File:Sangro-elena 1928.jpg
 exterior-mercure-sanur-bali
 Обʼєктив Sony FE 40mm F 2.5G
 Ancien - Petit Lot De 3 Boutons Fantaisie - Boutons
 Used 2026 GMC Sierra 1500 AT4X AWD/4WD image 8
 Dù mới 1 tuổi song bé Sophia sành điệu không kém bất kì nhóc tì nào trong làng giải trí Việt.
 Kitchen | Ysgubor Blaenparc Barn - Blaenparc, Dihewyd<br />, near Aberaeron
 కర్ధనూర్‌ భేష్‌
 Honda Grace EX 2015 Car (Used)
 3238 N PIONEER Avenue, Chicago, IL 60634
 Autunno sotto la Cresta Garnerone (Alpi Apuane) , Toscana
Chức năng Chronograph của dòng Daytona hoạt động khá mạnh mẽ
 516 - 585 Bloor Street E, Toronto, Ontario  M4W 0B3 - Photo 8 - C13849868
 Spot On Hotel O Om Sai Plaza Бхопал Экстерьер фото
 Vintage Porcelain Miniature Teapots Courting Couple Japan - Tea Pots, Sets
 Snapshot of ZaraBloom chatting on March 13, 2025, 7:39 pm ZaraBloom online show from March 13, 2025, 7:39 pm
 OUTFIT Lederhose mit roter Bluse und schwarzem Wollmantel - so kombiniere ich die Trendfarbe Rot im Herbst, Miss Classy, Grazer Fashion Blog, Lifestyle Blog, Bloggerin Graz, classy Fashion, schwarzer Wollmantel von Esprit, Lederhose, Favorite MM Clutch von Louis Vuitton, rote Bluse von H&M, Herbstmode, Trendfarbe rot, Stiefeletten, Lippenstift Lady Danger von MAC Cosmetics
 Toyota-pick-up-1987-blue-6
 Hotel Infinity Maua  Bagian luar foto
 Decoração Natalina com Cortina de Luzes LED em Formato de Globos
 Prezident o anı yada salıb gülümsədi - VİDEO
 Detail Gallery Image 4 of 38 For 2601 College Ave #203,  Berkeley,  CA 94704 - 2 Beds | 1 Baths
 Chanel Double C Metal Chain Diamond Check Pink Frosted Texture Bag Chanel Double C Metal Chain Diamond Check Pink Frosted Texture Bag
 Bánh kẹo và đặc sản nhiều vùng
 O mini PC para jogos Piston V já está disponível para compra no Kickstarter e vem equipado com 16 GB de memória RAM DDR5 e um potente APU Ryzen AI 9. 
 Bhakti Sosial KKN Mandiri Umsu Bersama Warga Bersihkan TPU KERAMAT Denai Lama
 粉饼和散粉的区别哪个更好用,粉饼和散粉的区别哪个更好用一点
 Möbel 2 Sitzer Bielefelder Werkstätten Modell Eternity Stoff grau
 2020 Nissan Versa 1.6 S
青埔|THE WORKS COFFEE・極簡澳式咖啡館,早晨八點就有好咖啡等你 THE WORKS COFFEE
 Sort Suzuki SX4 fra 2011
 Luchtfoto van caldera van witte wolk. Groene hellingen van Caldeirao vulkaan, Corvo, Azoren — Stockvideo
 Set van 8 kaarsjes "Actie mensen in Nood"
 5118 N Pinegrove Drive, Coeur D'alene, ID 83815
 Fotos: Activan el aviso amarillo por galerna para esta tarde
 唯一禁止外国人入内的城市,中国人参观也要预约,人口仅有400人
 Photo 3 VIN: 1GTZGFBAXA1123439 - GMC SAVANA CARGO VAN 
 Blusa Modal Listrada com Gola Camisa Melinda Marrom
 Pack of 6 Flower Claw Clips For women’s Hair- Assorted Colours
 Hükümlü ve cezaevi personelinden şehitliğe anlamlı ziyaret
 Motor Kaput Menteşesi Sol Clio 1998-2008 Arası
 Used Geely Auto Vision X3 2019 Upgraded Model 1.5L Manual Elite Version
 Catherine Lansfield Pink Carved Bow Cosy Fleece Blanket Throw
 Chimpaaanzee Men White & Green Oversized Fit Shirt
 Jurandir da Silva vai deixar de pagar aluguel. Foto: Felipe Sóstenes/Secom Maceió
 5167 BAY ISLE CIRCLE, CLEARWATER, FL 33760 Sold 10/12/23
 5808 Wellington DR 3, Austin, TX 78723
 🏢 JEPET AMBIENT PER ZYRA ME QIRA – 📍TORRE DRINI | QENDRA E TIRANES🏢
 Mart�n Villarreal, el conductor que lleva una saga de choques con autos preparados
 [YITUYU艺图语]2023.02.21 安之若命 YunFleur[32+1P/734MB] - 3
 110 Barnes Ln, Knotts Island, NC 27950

→ **PROBLEM TO WORK ON**
Your reply is to repeat, unchanged, the lines above running from the one with "Prezident o anı yada salıb gülümsədi - VİDEO" up to and including the one with "Jurandir da Silva".

→ **EXERCISE RESPONSE**
 Prezident o anı yada salıb gülümsədi - VİDEO
 Detail Gallery Image 4 of 38 For 2601 College Ave #203,  Berkeley,  CA 94704 - 2 Beds | 1 Baths
 Chanel Double C Metal Chain Diamond Check Pink Frosted Texture Bag Chanel Double C Metal Chain Diamond Check Pink Frosted Texture Bag
 Bánh kẹo và đặc sản nhiều vùng
 O mini PC para jogos Piston V já está disponível para compra no Kickstarter e vem equipado com 16 GB de memória RAM DDR5 e um potente APU Ryzen AI 9. 
 Bhakti Sosial KKN Mandiri Umsu Bersama Warga Bersihkan TPU KERAMAT Denai Lama
 粉饼和散粉的区别哪个更好用,粉饼和散粉的区别哪个更好用一点
 Möbel 2 Sitzer Bielefelder Werkstätten Modell Eternity Stoff grau
 2020 Nissan Versa 1.6 S
青埔|THE WORKS COFFEE・極簡澳式咖啡館,早晨八點就有好咖啡等你 THE WORKS COFFEE
 Sort Suzuki SX4 fra 2011
 Luchtfoto van caldera van witte wolk. Groene hellingen van Caldeirao vulkaan, Corvo, Azoren — Stockvideo
 Set van 8 kaarsjes "Actie mensen in Nood"
 5118 N Pinegrove Drive, Coeur D'alene, ID 83815
 Fotos: Activan el aviso amarillo por galerna para esta tarde
 唯一禁止外国人入内的城市,中国人参观也要预约,人口仅有400人
 Photo 3 VIN: 1GTZGFBAXA1123439 - GMC SAVANA CARGO VAN 
 Blusa Modal Listrada com Gola Camisa Melinda Marrom
 Pack of 6 Flower Claw Clips For women’s Hair- Assorted Colours
 Hükümlü ve cezaevi personelinden şehitliğe anlamlı ziyaret
 Motor Kaput Menteşesi Sol Clio 1998-2008 Arası
 Used Geely Auto Vision X3 2019 Upgraded Model 1.5L Manual Elite Version
 Catherine Lansfield Pink Carved Bow Cosy Fleece Blanket Throw
 Chimpaaanzee Men White & Green Oversized Fit Shirt
 Jurandir da Silva vai deixar de pagar aluguel. Foto: Felipe Sóstenes/Secom Maceió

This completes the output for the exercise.